## What is being asked
Exactly the lines starting at the line containing "Obraz Krájecí deska TMK ArtDeko sklo 2 ks" and ending at the line containing "Load image into" are to be written out from the listing below, both included.

## Records shown
-- Opening Marker --
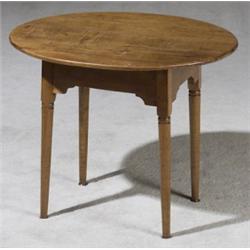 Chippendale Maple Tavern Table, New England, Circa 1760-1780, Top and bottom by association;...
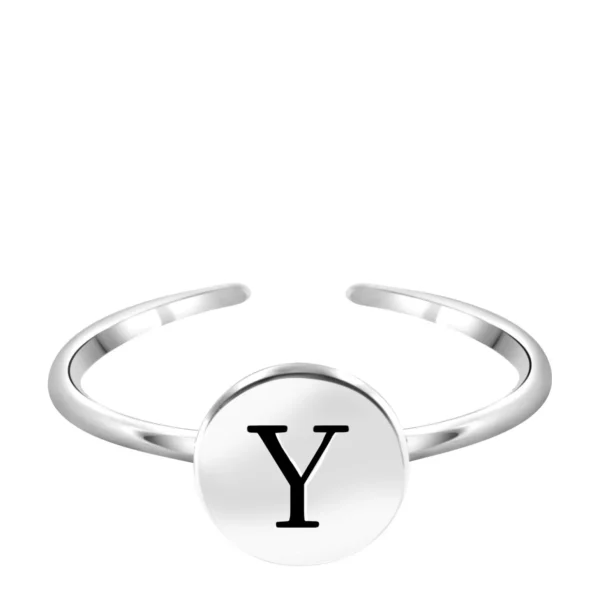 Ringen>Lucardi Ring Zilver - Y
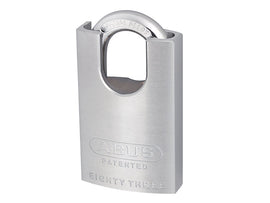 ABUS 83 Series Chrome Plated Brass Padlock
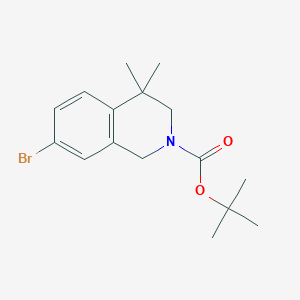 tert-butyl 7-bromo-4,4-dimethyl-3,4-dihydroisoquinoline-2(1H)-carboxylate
-- Closing Marker --
-- Opening Marker --
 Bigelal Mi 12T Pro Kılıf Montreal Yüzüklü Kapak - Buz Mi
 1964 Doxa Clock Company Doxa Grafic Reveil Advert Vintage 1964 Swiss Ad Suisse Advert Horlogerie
-- Closing Marker --
-- Opening Marker --
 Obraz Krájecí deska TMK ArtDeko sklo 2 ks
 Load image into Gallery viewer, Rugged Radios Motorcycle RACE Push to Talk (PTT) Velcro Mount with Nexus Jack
-- Closing Marker --
## Exercise response
 Obraz Krájecí deska TMK ArtDeko sklo 2 ks
 Load image into Gallery viewer, Rugged Radios Motorcycle RACE Push to Talk (PTT) Velcro Mount with Nexus Jack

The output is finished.